The first month of 2022 has been turbulent times for the stock market. Both the S&P 500 and Nasdaq indexes are down more than 10% from recent highs, meaning they are in what is called “correction territory.” These kinds of moves can send people running to re-evaluate their investments.
But instead of panicking and pulling all of your money, take a deep breath, count to five, and think about the bigger picture before you act. For more advice, Marketplace’s Sabri Ben-Achour spoke with Jason Zweig, who writes “The Intelligent Investor” column for the Wall Street Journal. Below is an edited transcript of their conversation.
Sabri Ben-Achour: There is so much going on between the Fed raising rates, S&P is down 10% this year … what should an individual investor do?

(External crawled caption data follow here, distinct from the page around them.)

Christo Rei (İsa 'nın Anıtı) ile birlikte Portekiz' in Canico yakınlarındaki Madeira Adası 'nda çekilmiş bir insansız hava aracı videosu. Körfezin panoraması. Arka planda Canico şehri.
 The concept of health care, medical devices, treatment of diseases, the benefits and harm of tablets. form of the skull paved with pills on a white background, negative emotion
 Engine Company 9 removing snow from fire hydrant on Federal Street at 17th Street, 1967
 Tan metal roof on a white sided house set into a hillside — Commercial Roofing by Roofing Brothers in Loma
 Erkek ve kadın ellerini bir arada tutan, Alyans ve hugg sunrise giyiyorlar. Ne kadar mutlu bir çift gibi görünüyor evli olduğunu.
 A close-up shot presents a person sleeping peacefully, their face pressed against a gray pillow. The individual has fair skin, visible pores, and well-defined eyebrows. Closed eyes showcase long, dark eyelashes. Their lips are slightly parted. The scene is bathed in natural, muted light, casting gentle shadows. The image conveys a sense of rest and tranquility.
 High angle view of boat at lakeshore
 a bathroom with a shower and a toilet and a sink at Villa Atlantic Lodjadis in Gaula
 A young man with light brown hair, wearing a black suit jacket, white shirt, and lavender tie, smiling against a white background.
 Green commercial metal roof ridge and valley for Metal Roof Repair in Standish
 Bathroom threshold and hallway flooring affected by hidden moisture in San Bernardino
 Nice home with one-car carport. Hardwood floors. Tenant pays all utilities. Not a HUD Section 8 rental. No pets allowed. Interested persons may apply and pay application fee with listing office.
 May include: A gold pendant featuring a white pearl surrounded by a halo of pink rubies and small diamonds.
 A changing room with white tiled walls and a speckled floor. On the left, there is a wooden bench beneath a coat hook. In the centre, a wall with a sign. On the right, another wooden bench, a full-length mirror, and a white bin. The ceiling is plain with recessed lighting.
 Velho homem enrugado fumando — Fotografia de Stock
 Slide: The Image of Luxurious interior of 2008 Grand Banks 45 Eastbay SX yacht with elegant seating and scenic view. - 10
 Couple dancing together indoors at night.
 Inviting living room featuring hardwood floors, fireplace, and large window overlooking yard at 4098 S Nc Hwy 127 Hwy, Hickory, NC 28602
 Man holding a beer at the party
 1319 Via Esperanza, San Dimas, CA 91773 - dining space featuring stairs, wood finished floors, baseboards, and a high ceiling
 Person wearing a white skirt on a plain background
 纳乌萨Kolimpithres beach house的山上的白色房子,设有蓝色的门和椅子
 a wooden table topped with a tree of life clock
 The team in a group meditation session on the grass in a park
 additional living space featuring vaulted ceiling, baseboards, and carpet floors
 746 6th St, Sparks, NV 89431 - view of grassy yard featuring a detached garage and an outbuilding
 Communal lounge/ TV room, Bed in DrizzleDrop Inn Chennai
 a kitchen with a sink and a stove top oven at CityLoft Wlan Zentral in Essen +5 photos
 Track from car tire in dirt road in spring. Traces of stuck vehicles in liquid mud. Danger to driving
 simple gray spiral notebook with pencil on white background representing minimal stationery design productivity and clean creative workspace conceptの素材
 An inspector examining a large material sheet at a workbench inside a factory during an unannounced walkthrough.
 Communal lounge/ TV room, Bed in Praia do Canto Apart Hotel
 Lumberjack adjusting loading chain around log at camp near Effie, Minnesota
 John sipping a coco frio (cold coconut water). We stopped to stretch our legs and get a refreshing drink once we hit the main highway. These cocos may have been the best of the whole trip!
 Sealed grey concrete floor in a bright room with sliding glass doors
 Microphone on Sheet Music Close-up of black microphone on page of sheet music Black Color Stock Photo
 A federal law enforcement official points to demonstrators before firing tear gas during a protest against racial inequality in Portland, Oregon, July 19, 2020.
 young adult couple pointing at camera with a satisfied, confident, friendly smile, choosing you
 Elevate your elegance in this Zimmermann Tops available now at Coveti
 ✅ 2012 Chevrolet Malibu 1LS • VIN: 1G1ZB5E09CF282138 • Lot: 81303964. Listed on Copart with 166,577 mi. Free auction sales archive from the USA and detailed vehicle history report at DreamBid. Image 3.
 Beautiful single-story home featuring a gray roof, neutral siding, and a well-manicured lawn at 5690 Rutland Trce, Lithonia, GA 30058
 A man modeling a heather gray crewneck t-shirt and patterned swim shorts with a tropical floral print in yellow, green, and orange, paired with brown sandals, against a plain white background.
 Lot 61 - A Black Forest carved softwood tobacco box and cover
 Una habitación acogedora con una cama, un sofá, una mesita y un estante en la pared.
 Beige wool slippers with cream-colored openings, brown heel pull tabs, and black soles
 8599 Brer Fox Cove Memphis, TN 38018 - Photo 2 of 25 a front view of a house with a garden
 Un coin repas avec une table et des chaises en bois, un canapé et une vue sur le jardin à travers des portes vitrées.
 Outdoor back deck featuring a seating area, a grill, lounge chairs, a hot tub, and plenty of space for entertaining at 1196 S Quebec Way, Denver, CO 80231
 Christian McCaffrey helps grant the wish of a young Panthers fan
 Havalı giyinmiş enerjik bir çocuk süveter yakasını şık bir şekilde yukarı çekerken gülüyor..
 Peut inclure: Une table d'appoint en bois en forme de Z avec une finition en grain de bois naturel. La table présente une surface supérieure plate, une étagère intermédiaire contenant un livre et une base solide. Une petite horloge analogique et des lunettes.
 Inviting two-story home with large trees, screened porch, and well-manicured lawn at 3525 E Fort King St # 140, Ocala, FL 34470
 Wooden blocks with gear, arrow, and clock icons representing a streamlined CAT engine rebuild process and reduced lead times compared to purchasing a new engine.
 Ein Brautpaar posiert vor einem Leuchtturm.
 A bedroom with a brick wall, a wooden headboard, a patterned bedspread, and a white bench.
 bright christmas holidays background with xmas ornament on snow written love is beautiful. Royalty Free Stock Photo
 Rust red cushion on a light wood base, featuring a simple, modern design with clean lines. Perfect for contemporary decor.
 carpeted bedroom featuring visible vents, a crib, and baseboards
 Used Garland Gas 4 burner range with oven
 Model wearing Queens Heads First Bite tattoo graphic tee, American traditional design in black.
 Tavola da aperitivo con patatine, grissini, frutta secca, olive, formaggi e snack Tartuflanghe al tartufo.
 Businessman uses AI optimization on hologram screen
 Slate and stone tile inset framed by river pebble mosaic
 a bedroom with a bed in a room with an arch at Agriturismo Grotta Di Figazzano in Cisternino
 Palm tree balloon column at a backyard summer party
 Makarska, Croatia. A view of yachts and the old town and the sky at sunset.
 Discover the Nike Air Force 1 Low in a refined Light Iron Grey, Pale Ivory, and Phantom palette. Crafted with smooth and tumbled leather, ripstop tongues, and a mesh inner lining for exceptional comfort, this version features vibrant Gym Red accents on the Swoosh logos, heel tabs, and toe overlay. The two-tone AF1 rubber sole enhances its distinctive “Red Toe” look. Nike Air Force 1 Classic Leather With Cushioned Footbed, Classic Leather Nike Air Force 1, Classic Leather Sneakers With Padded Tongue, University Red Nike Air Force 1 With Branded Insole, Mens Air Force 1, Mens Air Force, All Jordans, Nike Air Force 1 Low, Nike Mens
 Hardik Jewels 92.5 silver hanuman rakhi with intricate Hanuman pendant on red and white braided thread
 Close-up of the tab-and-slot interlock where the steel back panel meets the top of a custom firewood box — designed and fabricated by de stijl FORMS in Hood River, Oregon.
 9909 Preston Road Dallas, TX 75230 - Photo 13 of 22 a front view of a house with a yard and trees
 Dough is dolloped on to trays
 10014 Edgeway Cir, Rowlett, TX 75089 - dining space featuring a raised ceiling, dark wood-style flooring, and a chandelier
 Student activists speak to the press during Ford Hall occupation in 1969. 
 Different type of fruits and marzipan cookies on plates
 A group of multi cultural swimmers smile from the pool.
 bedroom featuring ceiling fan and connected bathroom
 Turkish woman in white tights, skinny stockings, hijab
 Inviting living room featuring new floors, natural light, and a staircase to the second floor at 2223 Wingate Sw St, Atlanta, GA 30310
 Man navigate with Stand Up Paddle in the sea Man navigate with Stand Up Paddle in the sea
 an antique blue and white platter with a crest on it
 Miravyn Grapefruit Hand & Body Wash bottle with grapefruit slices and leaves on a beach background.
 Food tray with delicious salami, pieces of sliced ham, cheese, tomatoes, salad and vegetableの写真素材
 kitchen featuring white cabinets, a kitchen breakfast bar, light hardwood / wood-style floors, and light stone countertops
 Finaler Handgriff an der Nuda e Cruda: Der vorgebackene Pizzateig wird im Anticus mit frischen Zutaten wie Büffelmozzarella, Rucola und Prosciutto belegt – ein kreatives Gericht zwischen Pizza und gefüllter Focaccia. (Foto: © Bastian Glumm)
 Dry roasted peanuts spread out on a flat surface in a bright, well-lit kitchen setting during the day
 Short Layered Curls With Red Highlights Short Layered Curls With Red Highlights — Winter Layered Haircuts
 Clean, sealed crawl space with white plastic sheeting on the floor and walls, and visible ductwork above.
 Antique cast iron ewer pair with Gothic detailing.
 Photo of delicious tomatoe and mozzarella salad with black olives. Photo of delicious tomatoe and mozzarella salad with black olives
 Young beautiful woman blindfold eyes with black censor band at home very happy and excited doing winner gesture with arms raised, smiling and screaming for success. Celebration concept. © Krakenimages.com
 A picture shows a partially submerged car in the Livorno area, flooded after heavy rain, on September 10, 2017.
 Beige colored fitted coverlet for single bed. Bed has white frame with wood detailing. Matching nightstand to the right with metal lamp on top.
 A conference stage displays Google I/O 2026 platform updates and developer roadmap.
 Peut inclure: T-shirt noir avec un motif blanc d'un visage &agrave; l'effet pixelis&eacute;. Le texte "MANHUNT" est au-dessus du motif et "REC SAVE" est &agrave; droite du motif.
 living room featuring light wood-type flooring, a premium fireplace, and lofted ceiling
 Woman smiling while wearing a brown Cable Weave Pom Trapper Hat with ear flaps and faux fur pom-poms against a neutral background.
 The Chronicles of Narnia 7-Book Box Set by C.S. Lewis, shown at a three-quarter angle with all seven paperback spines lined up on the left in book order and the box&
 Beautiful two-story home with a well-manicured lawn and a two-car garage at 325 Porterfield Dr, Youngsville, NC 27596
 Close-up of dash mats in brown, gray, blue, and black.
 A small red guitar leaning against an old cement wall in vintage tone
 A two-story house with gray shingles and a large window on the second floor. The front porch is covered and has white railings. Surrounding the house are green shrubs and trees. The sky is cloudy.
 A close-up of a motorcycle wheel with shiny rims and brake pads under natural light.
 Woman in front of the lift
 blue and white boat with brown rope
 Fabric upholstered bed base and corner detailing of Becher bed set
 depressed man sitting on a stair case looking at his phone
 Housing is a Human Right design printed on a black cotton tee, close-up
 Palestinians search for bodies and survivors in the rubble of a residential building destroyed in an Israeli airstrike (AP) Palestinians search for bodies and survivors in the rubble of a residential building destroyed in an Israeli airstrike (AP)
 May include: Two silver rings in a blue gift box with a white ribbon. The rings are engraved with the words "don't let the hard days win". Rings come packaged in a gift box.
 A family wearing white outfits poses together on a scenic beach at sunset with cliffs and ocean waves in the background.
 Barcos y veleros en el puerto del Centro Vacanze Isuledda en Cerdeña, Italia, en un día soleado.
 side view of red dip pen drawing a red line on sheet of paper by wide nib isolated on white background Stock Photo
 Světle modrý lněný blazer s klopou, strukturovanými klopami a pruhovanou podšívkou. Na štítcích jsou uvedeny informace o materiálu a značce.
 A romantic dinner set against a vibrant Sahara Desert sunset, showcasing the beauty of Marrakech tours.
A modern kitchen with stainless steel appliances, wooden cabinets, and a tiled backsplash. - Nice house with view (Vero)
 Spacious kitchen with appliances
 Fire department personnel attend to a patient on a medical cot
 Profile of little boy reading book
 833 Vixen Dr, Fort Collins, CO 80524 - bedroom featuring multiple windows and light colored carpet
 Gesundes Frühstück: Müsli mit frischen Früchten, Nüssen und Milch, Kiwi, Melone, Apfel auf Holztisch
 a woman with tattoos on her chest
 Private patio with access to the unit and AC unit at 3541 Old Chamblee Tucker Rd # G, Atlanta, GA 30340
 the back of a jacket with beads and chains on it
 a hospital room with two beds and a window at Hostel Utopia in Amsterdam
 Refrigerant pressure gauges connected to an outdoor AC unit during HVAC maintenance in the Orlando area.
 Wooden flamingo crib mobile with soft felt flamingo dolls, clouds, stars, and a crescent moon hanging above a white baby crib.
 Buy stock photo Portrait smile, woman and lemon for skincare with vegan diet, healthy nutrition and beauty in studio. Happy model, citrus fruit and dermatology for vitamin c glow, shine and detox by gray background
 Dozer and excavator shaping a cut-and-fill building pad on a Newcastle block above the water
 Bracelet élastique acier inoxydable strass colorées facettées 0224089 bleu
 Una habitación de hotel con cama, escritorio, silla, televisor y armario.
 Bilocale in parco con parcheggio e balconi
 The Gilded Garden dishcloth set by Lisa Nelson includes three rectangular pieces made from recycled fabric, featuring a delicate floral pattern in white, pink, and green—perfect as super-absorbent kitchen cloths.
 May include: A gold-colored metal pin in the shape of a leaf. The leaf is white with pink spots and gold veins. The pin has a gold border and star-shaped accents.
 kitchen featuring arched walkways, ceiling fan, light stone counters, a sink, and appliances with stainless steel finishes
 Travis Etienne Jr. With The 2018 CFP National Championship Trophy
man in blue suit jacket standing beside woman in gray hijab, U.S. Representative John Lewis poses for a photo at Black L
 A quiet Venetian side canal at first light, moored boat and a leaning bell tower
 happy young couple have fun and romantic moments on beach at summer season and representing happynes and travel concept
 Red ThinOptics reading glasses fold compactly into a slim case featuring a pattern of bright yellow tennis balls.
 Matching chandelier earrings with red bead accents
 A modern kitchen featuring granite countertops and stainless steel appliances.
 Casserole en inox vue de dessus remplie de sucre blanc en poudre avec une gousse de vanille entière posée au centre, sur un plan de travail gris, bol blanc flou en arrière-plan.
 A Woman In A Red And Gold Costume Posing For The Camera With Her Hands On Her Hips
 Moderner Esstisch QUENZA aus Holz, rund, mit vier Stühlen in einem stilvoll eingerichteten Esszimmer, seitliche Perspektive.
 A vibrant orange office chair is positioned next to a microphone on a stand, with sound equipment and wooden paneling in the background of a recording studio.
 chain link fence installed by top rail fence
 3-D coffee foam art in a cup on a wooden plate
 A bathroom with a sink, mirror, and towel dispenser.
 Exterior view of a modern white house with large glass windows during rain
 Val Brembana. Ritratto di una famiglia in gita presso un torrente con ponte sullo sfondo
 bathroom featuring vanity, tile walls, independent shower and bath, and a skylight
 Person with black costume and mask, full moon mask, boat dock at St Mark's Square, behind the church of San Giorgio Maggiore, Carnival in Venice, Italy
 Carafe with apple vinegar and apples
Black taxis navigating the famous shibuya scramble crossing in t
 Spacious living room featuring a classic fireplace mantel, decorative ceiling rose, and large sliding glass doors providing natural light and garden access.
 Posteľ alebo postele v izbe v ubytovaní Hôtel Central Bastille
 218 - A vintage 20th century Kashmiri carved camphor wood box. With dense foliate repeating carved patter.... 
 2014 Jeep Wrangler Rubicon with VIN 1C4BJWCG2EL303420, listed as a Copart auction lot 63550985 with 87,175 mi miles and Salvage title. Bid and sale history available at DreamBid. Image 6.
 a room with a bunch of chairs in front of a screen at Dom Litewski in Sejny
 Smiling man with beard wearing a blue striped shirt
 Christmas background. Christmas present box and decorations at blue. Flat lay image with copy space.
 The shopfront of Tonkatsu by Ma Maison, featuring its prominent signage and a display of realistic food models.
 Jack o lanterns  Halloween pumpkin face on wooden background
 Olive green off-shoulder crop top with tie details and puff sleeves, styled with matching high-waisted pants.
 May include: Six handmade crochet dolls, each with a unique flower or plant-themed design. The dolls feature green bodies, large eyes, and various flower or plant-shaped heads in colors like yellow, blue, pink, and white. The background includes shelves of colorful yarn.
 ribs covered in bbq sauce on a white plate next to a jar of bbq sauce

Jason Zweig: Well, the most important thing for people to do right now is to put the market movements in perspective and also look in the mirror. If you’re the kind of person who was scared out of stocks in the first quarter of 2020, or if you were old enough to be investing in 2008-2009, and you got out of stocks, then you’re probably somebody who has a very difficult time handling the anxiety of the stock market heaving up and down. And in that case, maybe your peace of mind is more important to you, than the potential for profit. And maybe you should scale back. But other people should keep their focus on the long term. I mean, if you look at what’s happened so far this year, with the S&P down more than 9% and NASDAQ down about 14%, it’s barely a blip in the long-term performance of the U.S. stock market. So a lot of it depends on your perspective.
Ben-Achour: Earlier this year, you wrote the best investment for 2022 is discipline. What do you mean by that?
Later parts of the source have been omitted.